COL Legislature should reject bills to repeal privacy law
By Kip Sullivan
Early in April, with no notice to the public, committees in the House and Senate approved an amendment to a bill (SF 1998/HF2303) that would repeal Minnesota's medical privacy law. That law states that doctors may not release patient medical records to third parties (including health insurance companies) without patient consent.
The author of the House bill is Tim Wilkin, a Republican who hails from Eagan, which just happens to be Blue Cross Blue Shield's home town.
Late in April, Sen. Sheila Kiscaden, I-Rochester, introduced SF 2241, which contains a provision that gives HMOs authority to release patient medical records to third parties without patient consent.
The combined effect of these bills would be to permit HMOs to demand medical records from doctors without patient consent, and to turn those records over to hundreds of thousands of third parties without patient consent.
Since the advent of managed care three decades ago, Minnesota's health insurance companies have been practicing medicine. That is, they argue with doctors about decisions doctors have made on behalf of their patients. Because you can't practice medicine without access to patient medical records, Blue Cross and other companies have for decades required doctors to turn over patient medical records when asked. Many contracts between Minnesota insurers and doctors include provisions that require doctors to make medical records available to insurers without patient consent. Doctors who sign these contracts are, in effect, agreeing to violate state law.
About 10 years ago, the national health insurance industry began a campaign to get Congress to legitimize its relatively new habit of pawing through medical records without patient consent. Their efforts led to a provision in the 1996 Health Insurance Portability and Accountability Act (HIPAA) that authorized the president to promulgate a single national regulation governing access to medical records. In December 2001, President Clinton announced regulations that would require health plans to get patient consent before perusing medical records.
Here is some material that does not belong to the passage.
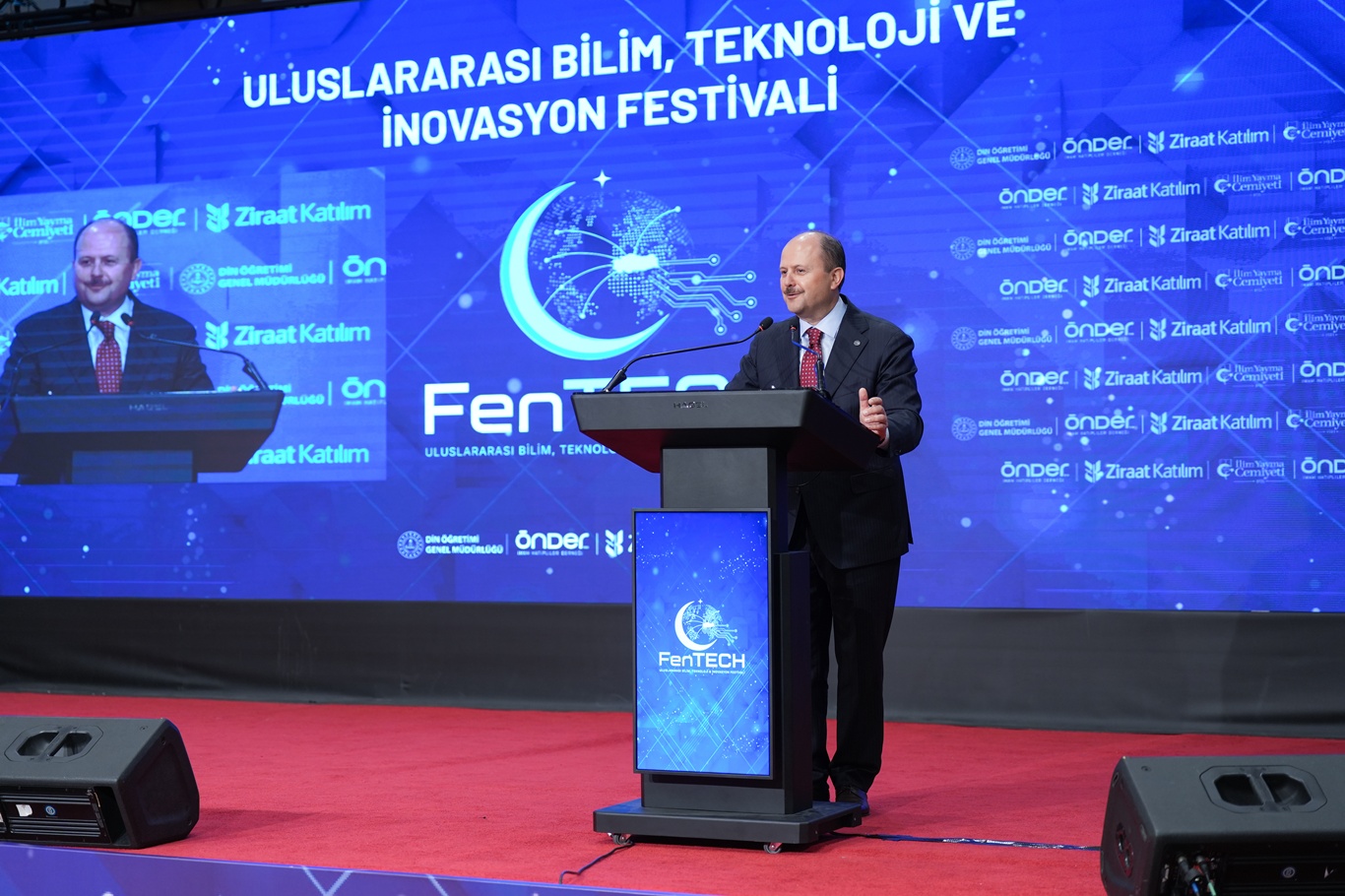 Metin Özdemir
This was not the outcome the health insurance industry had in mind. The industry immediately set about lobbying the incoming Bush administration to reverse course. Two years later, the administration obliged. It announced new HIPAA regulations which said insurers did not have to get patient consent if the purpose for seizing the records fell into one of three laughably vague categories -- "payment, treatment, or health care operations." The new regulation took effect in April 2003.
However, the original 1996 HIPAA law stated that the HIPAA regulations could not supersede any state law that was more protective of patient privacy than the HIPAA regulations. That meant that Minnesota's strong medical privacy law was still in force. That meant, in other words, that the health plans' habit of seizing medical records without patient consent was still illegal in Minnesota. Hence, the 11th-hour effort by Medica and other companies to amend SF 1998/HF 2303 to repeal our medical privacy statute. In its new form, the bill repeals all Minnesota laws that are inconsistent with Mr. Bush's HIPAA regulation.
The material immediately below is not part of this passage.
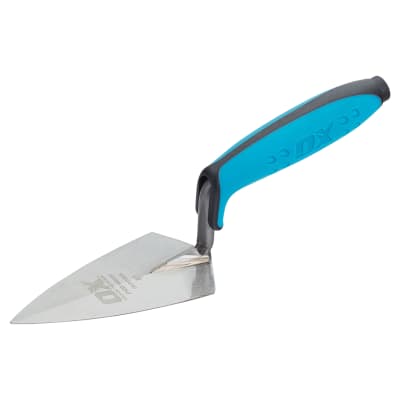OX Pro Pointing Trowel - Philadelphia Pattern - 127mm/ 5" Blade Length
Sen. Kiscaden's bill puts icing on the HMOs' cake by making it clear that once HMOs get their hands on our medical records they are free to pass them on to third parties for "payment, treatment, or health care operations," that is to say, for all the reasons HMOs seize our files now.
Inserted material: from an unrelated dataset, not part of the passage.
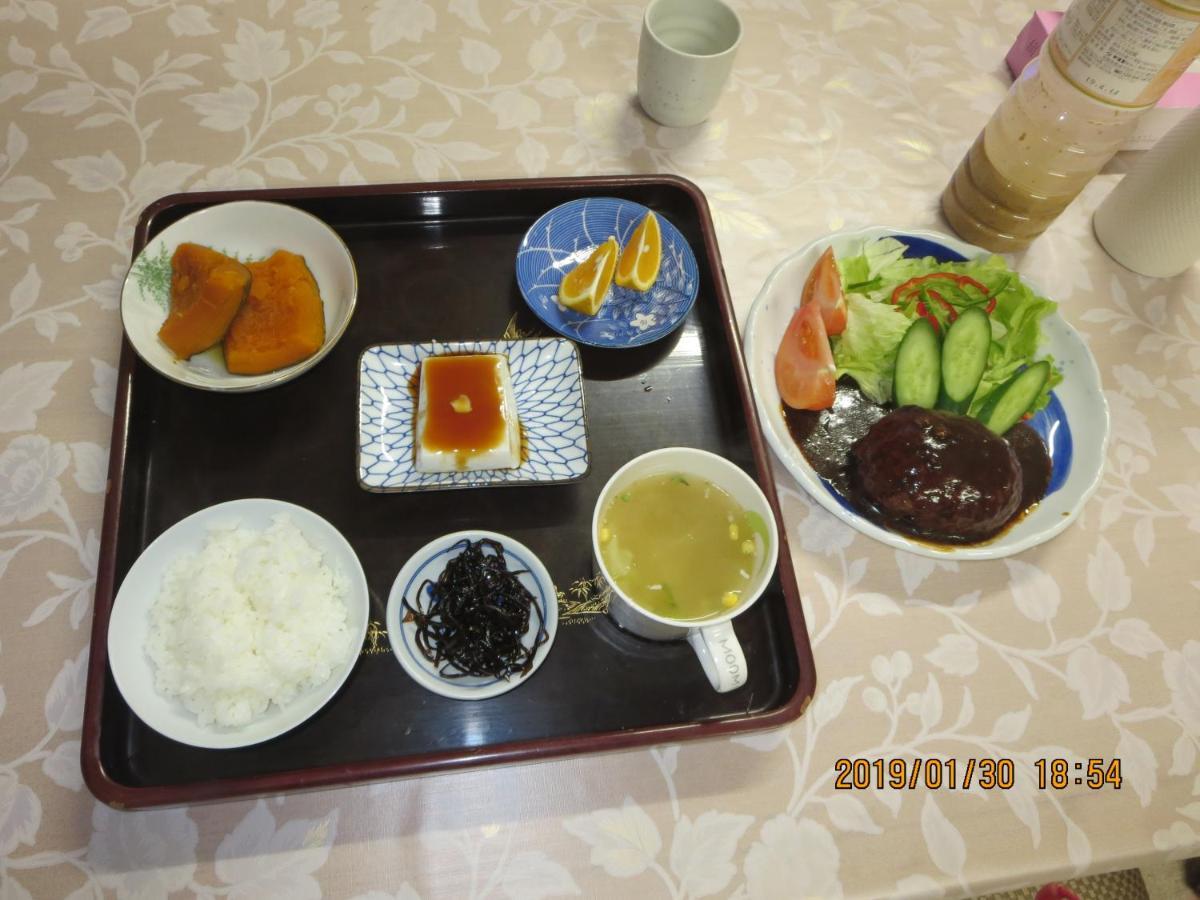 Guesthouse Suzukaze Shibushi Екстер'єр фото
If managed care had proven to be a boon to Minnesota, legislation granting HealthPartners and other companies the right to rifle through medical records might make sense. But managed care has been a disaster here and throughout the nation. There is no reason on earth for the Legislature to enact these awful bills.
Kip Sullivan of Minneapolis is a member of the steering committee of the Minnesota Universal Health Care Coalition.